7. Il résulte de ce qui précède, sans qu'il soit besoin d'examiner les autres moyens de la requête, que l'association des copropriétaires de Montayral et M. B sont fondés à demander l'annulation de la décision du 4 octobre 2022.

Sur les conclusions aux fins d'injonction et d'astreinte :

8. Aux termes de l'article L. 911-2 du code de justice administrative : " Lorsque sa décision implique nécessairement qu'une personne morale de droit public ou un organisme de droit privé chargé de la gestion d'un service public prenne à nouveau une décision après une nouvelle instruction, la juridiction, saisie de conclusions en ce sens, prescrit, par la même décision juridictionnelle, que cette nouvelle décision doit intervenir dans un délai déterminé. () ".

9. En outre, aux termes de l'article L. 1612-17 du code général des collectivités territoriales : " Les dispositions des articles L. 1612-15 et L. 1612-16 ne sont pas applicables à l'inscription et au mandatement des dépenses obligatoires résultant, pour les collectivités territoriales, leurs groupements et leurs établissements publics, d'une décision juridictionnelle passée en la force de la chose jugée. Ces opérations demeurent régies par l'article 1er de la loi n° 80-539 du 16 juillet 1980 relative aux astreintes prononcées en matière administrative et à l'exécution des jugements par les personnes morales de droit public et les articles L. 911-1, L. 911 - 2, L. 911-5 à L. 911-8 du code de justice administrative. "

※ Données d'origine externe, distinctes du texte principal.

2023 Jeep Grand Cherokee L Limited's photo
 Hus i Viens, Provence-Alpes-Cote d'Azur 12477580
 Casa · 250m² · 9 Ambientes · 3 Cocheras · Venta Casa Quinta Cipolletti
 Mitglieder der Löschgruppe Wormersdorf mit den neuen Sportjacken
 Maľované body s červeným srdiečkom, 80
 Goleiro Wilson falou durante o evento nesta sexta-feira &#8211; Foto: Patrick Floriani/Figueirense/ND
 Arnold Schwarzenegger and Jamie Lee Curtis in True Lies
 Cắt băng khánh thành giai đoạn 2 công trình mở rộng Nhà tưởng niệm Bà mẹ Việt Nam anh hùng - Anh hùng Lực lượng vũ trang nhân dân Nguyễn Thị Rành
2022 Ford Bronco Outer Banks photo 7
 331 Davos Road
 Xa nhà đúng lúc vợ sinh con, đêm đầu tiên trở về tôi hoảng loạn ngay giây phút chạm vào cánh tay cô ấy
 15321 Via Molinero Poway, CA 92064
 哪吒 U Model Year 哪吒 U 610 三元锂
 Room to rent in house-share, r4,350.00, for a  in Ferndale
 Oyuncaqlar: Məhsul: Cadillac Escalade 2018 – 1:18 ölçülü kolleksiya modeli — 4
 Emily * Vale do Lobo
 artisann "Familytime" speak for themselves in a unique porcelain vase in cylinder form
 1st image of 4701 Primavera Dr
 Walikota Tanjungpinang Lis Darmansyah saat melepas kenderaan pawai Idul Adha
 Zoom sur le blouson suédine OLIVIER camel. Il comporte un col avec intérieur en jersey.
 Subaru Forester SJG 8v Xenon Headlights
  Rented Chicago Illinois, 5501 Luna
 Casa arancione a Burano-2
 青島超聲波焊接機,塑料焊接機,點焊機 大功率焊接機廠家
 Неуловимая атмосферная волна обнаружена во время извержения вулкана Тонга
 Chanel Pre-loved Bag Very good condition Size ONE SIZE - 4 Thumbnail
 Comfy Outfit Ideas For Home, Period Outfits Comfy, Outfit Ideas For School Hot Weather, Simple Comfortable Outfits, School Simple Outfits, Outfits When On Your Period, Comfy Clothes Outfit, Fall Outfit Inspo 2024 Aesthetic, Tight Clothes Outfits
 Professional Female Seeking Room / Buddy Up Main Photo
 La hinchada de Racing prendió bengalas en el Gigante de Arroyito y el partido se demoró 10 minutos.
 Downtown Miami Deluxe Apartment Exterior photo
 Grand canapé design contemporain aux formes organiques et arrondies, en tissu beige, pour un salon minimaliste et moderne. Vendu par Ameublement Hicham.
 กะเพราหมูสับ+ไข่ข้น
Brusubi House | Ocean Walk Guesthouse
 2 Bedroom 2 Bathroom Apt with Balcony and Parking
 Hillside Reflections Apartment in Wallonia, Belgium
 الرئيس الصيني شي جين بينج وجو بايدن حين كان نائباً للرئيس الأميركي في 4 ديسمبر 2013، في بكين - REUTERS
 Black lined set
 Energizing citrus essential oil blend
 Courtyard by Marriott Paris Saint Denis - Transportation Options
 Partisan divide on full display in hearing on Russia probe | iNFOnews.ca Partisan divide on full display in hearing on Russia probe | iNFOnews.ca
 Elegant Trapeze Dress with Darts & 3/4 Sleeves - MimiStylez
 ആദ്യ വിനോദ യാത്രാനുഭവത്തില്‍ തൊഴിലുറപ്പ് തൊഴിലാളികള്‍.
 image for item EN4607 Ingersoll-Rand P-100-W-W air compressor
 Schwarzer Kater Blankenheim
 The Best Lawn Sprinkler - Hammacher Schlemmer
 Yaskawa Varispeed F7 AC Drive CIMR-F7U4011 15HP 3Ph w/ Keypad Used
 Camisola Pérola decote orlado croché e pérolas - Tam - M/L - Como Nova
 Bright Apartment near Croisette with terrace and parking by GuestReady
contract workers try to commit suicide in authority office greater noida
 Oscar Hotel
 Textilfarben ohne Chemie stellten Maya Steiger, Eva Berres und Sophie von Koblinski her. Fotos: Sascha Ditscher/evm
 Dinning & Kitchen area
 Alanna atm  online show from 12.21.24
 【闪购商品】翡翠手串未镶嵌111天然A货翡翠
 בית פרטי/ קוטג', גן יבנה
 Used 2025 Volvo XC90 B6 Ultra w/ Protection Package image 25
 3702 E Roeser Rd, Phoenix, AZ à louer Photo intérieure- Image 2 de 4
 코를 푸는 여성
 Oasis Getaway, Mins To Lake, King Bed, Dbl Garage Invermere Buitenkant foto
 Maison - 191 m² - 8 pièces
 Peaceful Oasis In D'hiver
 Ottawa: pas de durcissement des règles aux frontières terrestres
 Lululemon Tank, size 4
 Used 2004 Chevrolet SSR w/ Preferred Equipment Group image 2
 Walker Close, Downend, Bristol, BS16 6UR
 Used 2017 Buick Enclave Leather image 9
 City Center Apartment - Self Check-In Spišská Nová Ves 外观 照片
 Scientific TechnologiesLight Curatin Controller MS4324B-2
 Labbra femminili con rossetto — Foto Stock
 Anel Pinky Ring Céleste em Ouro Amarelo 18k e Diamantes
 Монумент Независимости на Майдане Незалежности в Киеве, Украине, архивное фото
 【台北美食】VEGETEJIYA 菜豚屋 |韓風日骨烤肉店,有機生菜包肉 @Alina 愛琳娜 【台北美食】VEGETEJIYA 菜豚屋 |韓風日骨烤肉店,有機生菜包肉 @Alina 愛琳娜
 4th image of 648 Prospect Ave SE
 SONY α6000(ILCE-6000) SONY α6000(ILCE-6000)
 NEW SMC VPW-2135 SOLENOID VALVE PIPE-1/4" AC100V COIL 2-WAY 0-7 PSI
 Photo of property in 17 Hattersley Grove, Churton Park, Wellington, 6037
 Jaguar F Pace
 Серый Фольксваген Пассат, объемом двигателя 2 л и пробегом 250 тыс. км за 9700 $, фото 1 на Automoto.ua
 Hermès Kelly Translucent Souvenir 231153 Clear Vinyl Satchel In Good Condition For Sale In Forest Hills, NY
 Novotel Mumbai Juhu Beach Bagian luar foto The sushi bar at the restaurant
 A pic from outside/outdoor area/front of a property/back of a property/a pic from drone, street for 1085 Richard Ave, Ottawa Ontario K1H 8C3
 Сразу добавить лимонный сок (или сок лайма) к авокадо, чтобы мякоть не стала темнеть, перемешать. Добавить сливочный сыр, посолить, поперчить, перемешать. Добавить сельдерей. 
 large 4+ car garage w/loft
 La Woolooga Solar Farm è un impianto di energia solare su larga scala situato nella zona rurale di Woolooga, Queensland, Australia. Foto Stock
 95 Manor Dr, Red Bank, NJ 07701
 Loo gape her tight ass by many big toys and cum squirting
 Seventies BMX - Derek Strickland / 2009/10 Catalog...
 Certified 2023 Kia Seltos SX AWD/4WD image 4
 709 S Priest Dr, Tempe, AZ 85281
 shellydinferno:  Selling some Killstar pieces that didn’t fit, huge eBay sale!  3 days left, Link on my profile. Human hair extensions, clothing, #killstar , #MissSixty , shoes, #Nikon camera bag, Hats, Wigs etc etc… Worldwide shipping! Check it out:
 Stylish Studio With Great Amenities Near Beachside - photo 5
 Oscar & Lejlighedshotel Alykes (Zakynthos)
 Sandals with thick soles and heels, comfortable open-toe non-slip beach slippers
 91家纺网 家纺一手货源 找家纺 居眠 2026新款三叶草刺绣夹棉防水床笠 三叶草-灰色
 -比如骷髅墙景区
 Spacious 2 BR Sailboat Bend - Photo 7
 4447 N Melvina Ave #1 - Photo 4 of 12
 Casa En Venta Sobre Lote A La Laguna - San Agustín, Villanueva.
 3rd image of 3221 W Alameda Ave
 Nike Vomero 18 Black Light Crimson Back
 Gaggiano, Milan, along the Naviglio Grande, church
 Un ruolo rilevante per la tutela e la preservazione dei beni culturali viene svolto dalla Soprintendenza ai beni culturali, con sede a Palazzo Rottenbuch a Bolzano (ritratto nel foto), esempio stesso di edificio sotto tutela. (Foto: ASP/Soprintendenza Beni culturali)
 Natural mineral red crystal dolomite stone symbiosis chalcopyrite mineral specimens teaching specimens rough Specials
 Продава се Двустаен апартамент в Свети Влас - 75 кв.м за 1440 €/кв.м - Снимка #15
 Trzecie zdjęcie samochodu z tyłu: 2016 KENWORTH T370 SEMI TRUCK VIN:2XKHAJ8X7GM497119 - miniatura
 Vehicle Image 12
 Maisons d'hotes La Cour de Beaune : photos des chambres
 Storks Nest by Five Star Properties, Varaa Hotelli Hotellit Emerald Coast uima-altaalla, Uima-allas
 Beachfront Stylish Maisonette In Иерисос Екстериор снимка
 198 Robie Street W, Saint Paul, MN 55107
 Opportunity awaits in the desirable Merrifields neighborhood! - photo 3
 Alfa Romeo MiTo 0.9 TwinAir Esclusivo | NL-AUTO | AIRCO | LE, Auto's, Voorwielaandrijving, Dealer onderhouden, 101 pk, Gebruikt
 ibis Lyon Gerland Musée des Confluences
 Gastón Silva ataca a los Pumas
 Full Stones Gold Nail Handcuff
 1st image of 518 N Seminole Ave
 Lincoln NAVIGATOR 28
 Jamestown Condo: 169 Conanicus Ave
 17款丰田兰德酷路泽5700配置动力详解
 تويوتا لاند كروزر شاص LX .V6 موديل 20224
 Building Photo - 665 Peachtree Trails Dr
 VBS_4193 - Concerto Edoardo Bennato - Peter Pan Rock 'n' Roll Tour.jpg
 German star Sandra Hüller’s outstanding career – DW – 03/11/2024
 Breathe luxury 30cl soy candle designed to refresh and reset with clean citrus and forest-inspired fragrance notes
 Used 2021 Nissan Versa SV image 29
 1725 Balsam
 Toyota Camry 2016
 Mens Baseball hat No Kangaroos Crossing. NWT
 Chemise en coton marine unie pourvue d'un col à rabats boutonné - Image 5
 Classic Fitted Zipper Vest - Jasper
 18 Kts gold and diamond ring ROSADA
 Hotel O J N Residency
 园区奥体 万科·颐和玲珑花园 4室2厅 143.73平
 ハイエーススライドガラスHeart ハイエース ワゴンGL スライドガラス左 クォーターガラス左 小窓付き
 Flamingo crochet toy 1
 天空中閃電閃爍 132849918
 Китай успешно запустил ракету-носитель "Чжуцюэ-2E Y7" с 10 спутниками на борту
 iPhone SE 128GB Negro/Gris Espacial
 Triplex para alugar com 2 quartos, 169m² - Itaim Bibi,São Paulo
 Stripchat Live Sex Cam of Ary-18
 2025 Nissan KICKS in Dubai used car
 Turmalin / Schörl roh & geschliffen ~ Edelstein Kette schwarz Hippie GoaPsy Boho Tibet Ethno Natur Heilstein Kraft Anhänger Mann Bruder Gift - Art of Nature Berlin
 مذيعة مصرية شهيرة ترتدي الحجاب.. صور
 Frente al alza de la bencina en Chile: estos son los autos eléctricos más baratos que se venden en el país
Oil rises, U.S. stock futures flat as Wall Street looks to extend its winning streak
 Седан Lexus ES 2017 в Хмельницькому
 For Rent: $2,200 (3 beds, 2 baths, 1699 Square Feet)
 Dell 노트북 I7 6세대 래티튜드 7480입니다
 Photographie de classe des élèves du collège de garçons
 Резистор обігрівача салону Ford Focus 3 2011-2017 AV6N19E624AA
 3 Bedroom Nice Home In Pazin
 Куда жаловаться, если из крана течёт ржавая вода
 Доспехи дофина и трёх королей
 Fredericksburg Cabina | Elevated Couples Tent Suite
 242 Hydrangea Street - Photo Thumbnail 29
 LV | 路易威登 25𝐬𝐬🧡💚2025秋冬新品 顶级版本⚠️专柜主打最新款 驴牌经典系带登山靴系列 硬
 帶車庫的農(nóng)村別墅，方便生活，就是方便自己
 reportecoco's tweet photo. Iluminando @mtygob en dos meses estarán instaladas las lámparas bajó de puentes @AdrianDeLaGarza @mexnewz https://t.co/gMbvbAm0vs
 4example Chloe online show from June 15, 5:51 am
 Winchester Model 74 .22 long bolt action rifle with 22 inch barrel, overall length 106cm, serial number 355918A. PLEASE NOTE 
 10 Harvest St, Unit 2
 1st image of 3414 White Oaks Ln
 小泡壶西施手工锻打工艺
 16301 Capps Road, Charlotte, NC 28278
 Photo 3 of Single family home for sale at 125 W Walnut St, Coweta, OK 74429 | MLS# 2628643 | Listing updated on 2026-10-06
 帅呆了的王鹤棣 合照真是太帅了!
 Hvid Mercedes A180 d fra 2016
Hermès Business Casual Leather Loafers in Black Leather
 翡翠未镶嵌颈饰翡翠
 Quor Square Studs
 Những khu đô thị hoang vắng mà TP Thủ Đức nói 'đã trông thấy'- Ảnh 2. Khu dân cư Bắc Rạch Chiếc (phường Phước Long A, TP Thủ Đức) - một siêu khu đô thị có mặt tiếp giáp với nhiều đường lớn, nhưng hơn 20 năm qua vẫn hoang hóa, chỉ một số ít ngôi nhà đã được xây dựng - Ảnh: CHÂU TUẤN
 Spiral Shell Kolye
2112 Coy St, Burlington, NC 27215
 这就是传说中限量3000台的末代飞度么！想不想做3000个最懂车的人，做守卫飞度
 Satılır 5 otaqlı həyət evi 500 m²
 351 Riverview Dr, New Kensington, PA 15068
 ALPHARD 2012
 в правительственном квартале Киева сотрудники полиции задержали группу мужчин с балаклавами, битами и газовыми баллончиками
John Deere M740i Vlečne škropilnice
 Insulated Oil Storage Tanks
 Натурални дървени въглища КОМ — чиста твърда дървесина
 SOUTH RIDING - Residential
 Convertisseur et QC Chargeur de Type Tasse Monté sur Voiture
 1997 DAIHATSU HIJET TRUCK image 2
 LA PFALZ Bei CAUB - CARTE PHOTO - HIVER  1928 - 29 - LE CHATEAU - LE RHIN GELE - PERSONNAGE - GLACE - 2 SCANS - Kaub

10. Il résulte des dispositions de l'article L. 1612-15 que seules présentent un caractère obligatoire les dettes échues, certaines, liquides, non sérieusement contestées dans leur principe et dans leur montant et découlant de la loi, d'un contrat, d'un délit, d'un quasi-délit ou de toute autre source d'obligations. Dès lors que les sommes en litige procèdent de conventions conclues par le GCSMS, elles constituent des dépenses obligatoires. Toutefois, les sommes dont les requérants demandent le mandatement d'office correspondent aux condamnations d'une personne morale de droit public au paiement d'une somme d'argent obtenue devant la cour d'appel de Toulouse du 31 octobre 2019 et la cour de cassation dont les décisions juridictionnelles sont passées en force de chose jugée. Il s'ensuit que leur mandatement est exclusivement régi par les dispositions de l'article 1er de la loi du 16 juillet 1980. Par suite, les conclusions à fin d'injonction et d'astreinte présentées par les requérants doivent être rejetées.

Sur les frais liés au litige :

11. En application des dispositions de l'article L. 761-1 du code de justice administrative il y a lieu de mettre à la charge de l'Etat le versement au profit de l'association des copropriétaires de Montayral et de M. B d'une somme globale de 1 500 euros au titre des frais d'instance.

D E C I D E :

Article 1er : La décision du 4 octobre 2022 de la préfète de Tarn-et-Garonne est annulée.

Article 2 : L'Etat versera une somme globale de 1 500 euros à l'association des copropriétaires de Montayral et à M. B au titre de l'article L. 761-1 du code de justice administrative.

Article 3 : Le surplus des conclusions de la requête est rejeté.

Article 4 : Le présent jugement sera notifié à l'association des copropriétaires de Montayral, à M. A B et au préfet de Tarn-et-Garonne.

Délibéré après l'audience du 17 juin 2025, à laquelle siégeaient :

Mme Billet-Ydier, présidente,

Mme Sarraute, première conseillère,

Mme Douteaud, première conseillère.

Rendu public par mise à disposition au greffe le 2 juillet 2025.

La rapporteure,

S. DOUTEAUDLa présidente,

F. BILLET-YDIER

La greffière,

F. LE GUIELLAN

La République mande et ordonne au préfet de Tarn-et-Garonne en ce qui le concerne ou à tous commissaires de justice à ce requis en ce qui concerne les voies de droit commun contre les parties privées, de pourvoir à l'exécution de la présente décision.